Metastatic dissemination is the major cause of cancer associated death. Dissemination of tumor cells is a very early event in cancer progression and metastatic cells relapse even decades after the first diagnose and can show different clinical features compared to the primary disease. In breast cancer, bone, lung and brain are the major sites of tumor metastases. The “seed and the soil” theory propose that selected population of cells can spread from the primary tumor in different organs based on different requirements. Moreover, specific environments can differently influence cancer cells and affect response to therapy. For these reason it is important to investigate the role of the tumor microenvironment and to dissect the molecular cross-talk between cancer cells and the surrounding cells in the stroma.
Bone marrow (BM) is particularly permissive for cancer dissemination thanks to environmental and structural features like the fenestration of bone sinusoidal capillaries that facilitates the entrance of circulating cells. Moreover, BM is a key reservoir for metastatic breast cancer cells. By still unknown mechanisms, tumor cells can enter into a quiescent state in the bone and remain dormant for very long periods. Regarding this, an important issue is that dormant tumors show resistance to conventional therapy that cannot target non-proliferating cells.
When tumor relapse occurs cancer cells reacquire the proliferative ability, thereby causing osteolytic lesions. During this process cancer cells secrete factors that increase recruitment and activation of osteoclasts, driving osteolysis. In turn, matrix resorption causes the release of soluble factors that sustain tumor cell proliferation and promote the progression of bone metastases, establishing the so called “vicious cycle”. Pre-clinical and clinical evidences suggest that to hit the vicious cycle is a therapeutic strategy, since agents that inhibit bone resorption, like bisphosphonates, inhibit tumor cells expansion.
We aimed to analyze molecular mechanisms involved in the interaction between tumor cells and the BM environment to identify suitable targets in the tumor cells and in the bone environment to inhibit breast cancer growth in the bone. We took advantage of an in-vivo model of bone metastases with SCP1833 subclone of MDA-MB231 breast cancer cells. This is an aggressive breast cancer model which after intra-cardiac injection has a high propensity to home and proliferate in the BM. Cancer cells were engineered to express luciferase and GFP and metastatic dissemination and proliferation was followed by in-vivo bioluminescence.
We used wide-genome approaches to investigate how breast cancer cells affect BM stoma when they home to the endosteal niche and how bone microenvironment can influence tumor cells. To analyze the effect of BM environment on disseminated tumor cells, we compared the transcriptional profile of MDA-MB231 SCP1833 from the mammary fad pad, to mimic the primary tumor, with tumor cells isolated from the BM. Importantly, thanks to GFP expression, tumor cells were directly isolated from the specific environment to be representative of the in-vivo situation. Among the different transcripts up-regulated in BM seeding tumors we focused on ID1 and ID3 as potential targets. The IDs are a family of transcription factor inhibitors that has been described to correlate with poor prognosis in breast cancer and have a role in lung metastases formation. We observed that both ID1 and ID3 are up-regulated in MDA-MB231 SCP1833 compared to the parental cell lines. Moreover, the knock-down of ID1 expression in tumor cells is sufficient to decrease the metastatic potential of MDA-MB231 1833 in-vivo. We are following up these results and we will investigate the molecular mechanism involved in ID1 and ID3 expression as well as their impact on bone marrow environment and metastatic progression.

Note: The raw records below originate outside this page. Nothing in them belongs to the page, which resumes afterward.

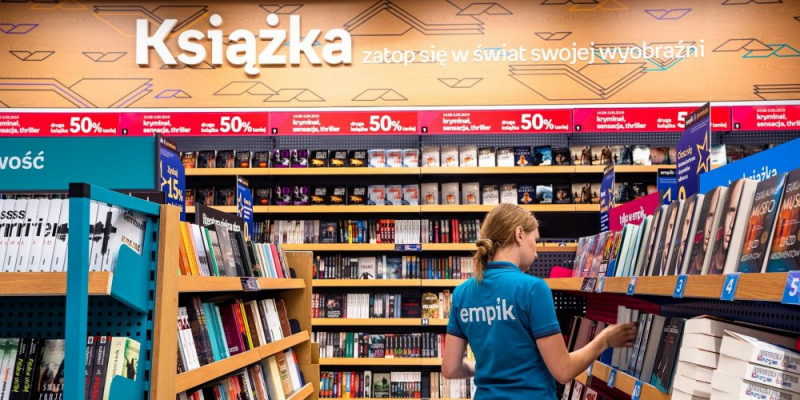 Obrazek w treści Delikatesy Empiku. W ofercie księgarni pojawi się także żywność [jpg]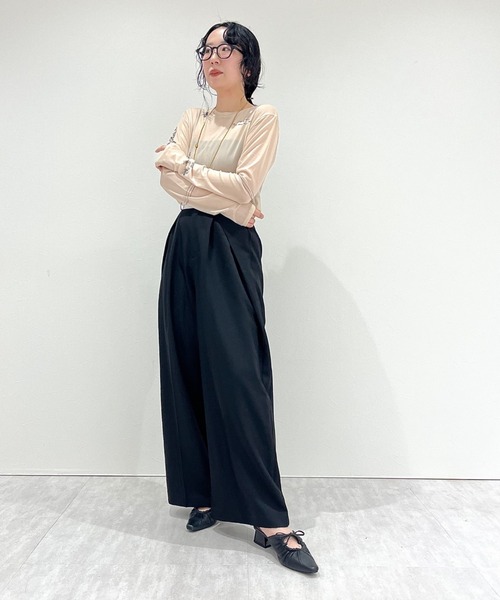 セール】【HIMIKO】【ZOZOTOWN限定デザイン】リボンギャザー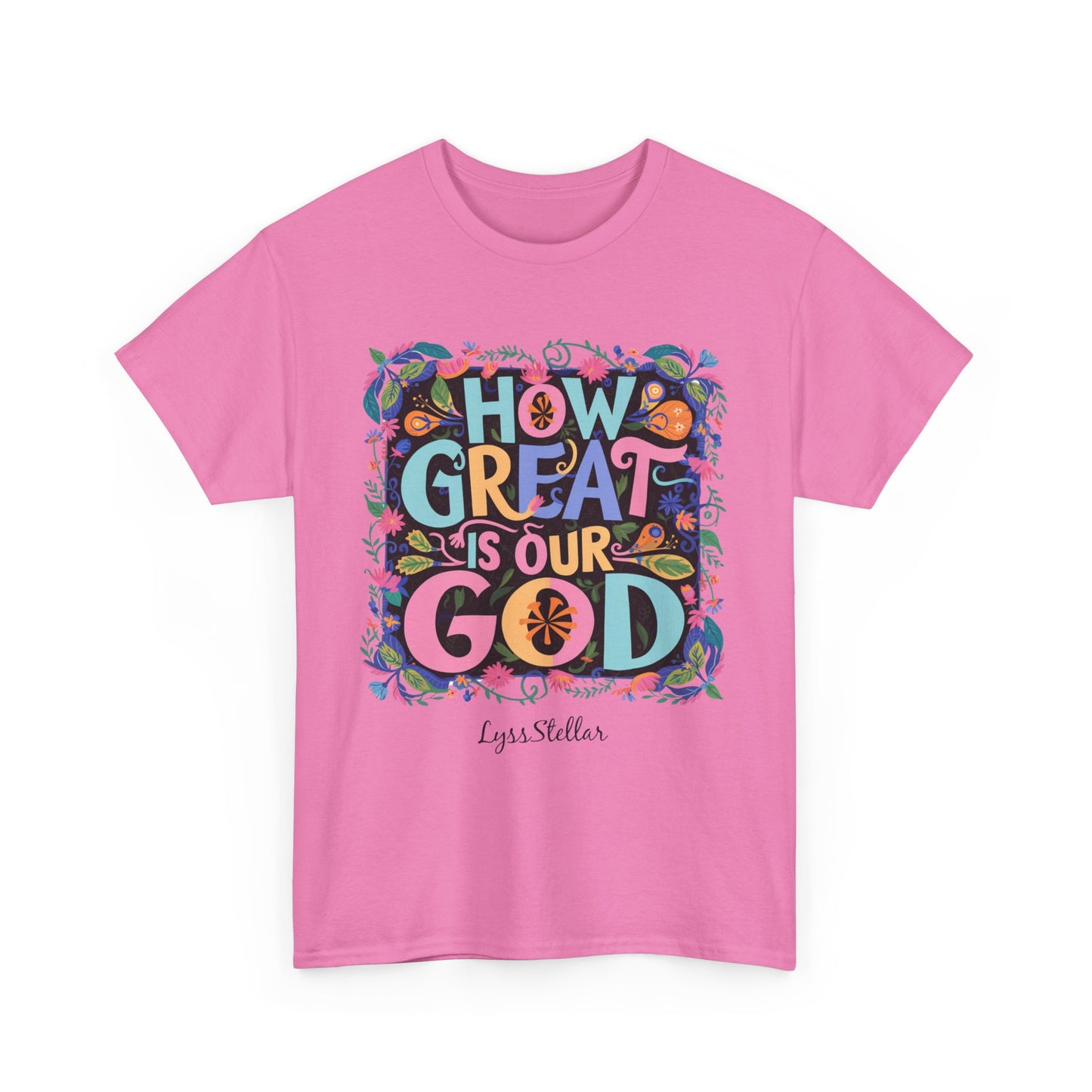 God-Inspired Unisex Tee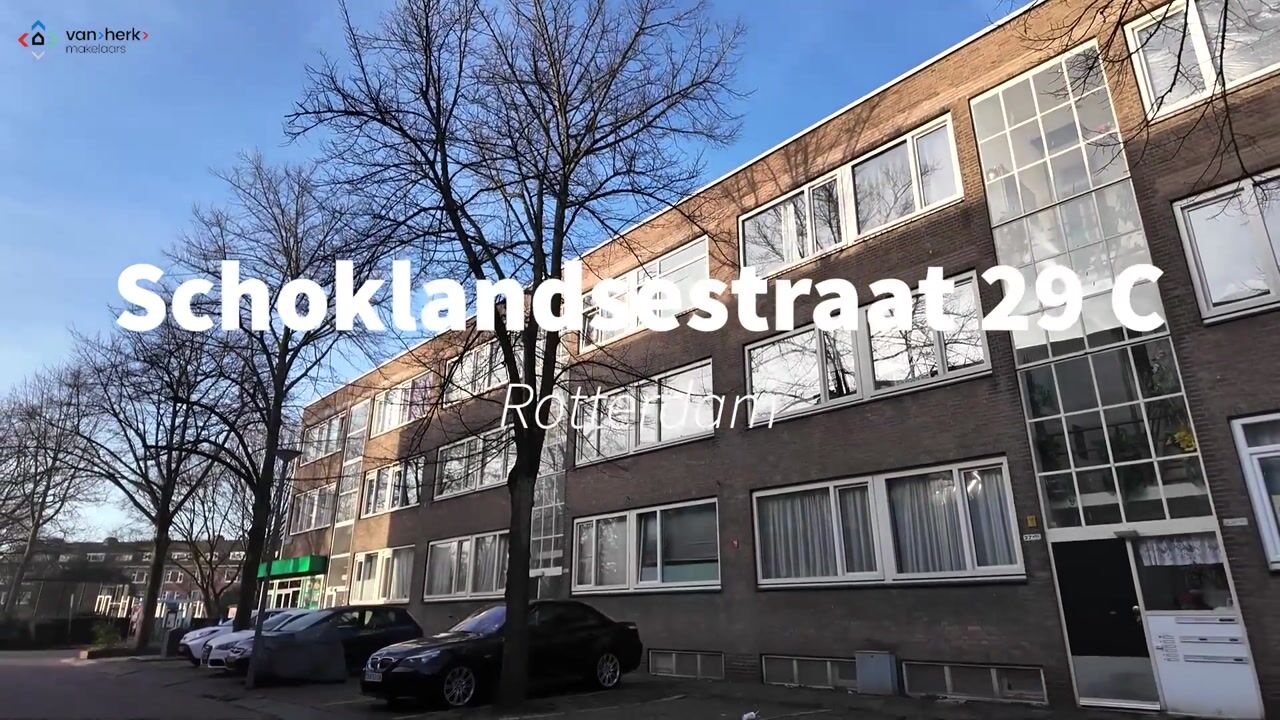 Video van Schoklandsestraat 29-C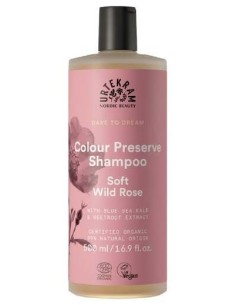 Soft Wild Rose Champu Protector 250Ml. Eco Vegan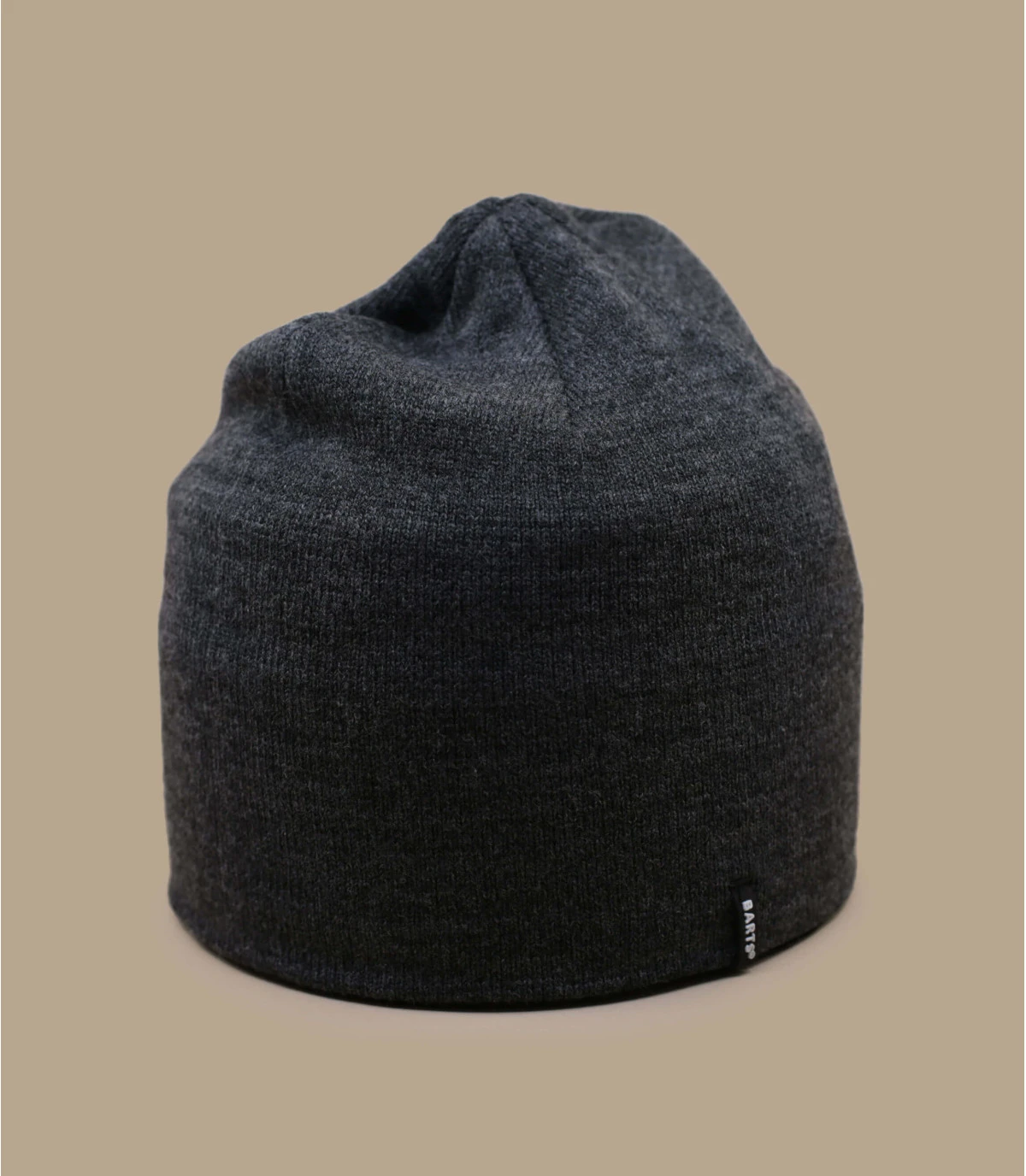 Barts Core Beanie Dark Heather – Image 2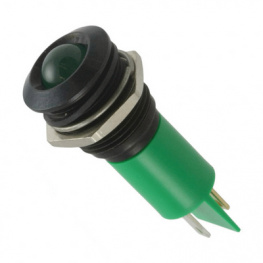 Q16P1BXXG220E, LED Indicator green 230 VAC, APEM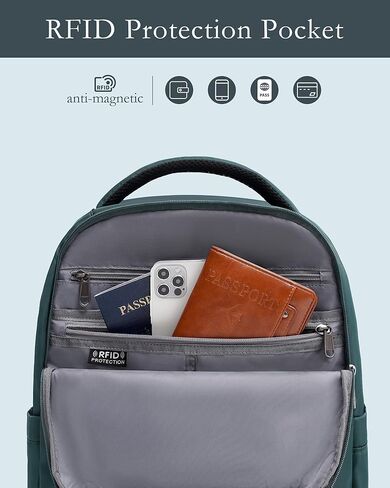 COOLIFE Expandable Suitcase PC ABS TSA Luggage 3 Piece Set Lock Spinner Carry on (Teal blue) in Kuwait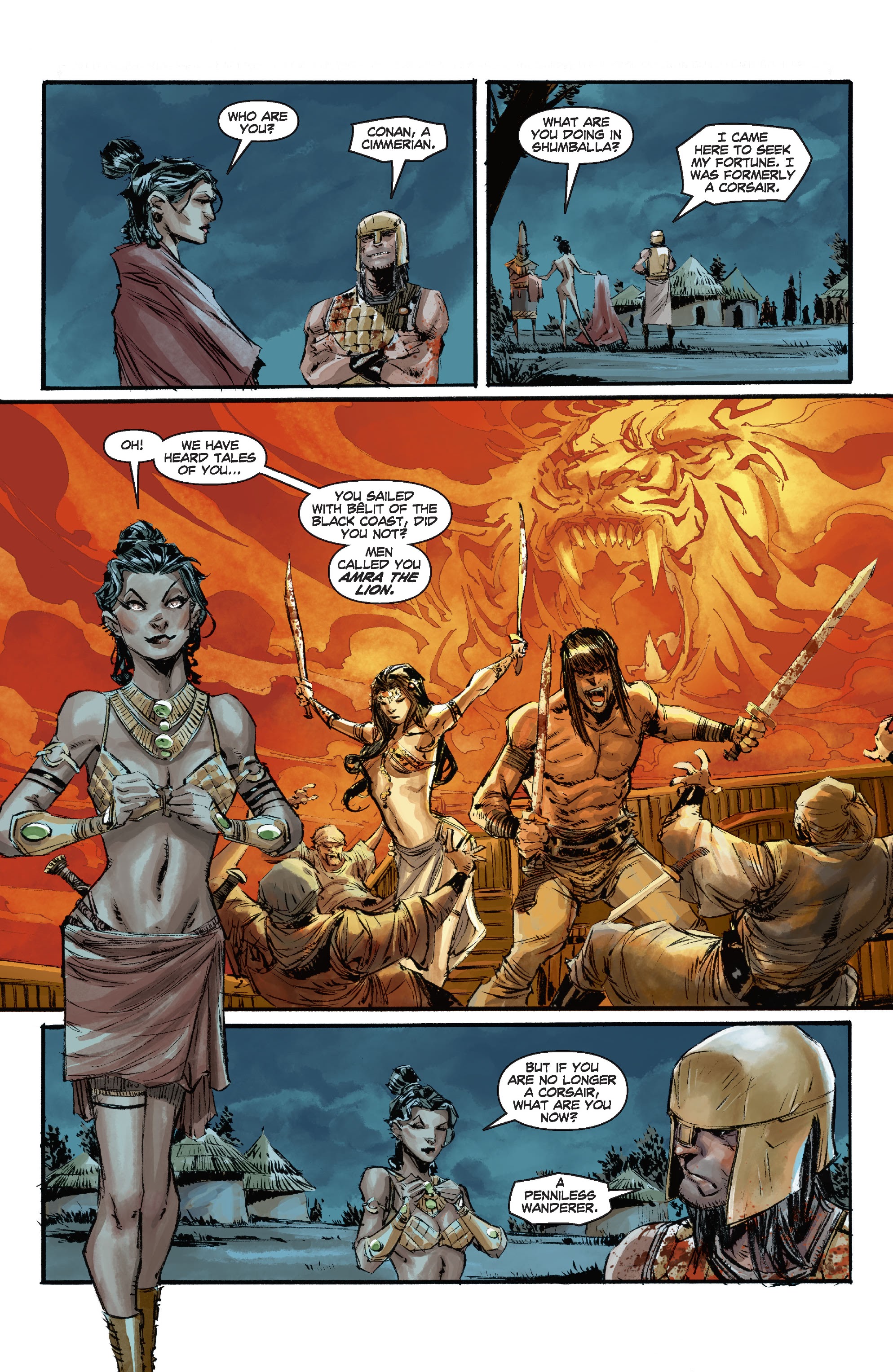 Read online Conan Chronicles Epic Collection comic -  Issue # TPB Shadows Over Kush (Part 1) - 66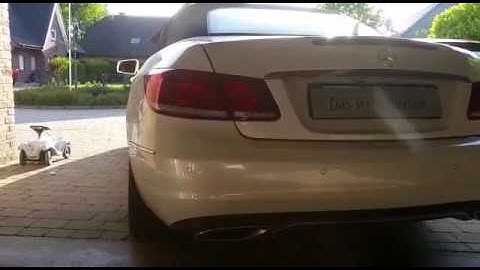 Dynamic Turn Signal E Class Cabrio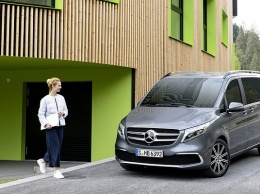 Когда в Россию приедет обновленный Mercedes-Benz V-класса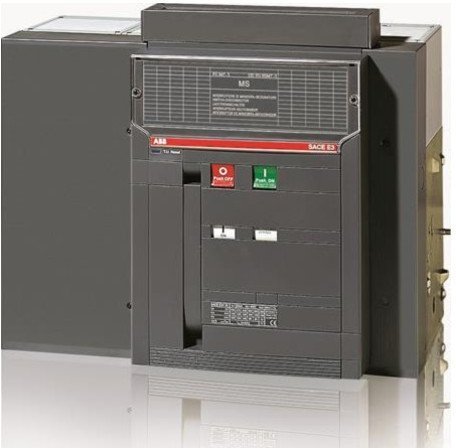Воздушный автомат ABB Emax 1600А 4P, 100кА, стационарный, 1SDA059064R1 в Архангельске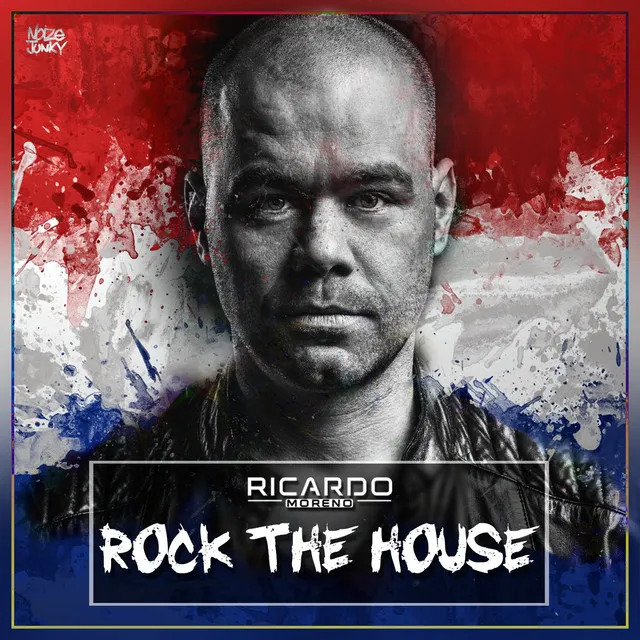 Rock The House by Ricardo Moreno - Hardstyle cover art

Concomitantly we are interested in investigating potential pathways modulated in the BM environment after seeding and proliferation of tumor cells. For this purpose we compared the transcriptional profile of BM stroma from the bone of tumor bearing vs tumor free mice. Different BM cell populations were isolated by cell sorting thanks to specific markers. We excluded cells of the hematopoietic compartment from the analysis, concentrating on the CD45- population. We used the best available antibodies that define osteoblasts (CD45-, TR119- Sca1-, CD51+), endothelial cells (CD45-, TR119-, Sca1+, CD31+) and mesenchymal progenitors (CD45-, TR119-, CD31-, Sca-1+). Microarray analysis revealed that BM is strongly affected by breast cancer cell dissemination. Indeed, several components of key molecular pathways involved in tumor development (including TGFBR, PDGFRB, EGFR, HGFR and JAK-STAT signaling pathways) are modulated in the BM environment of mice with tumor cells. We are following up this analysis by testing different small molecule inhibitors to block specific pathways in bone marrow metastases.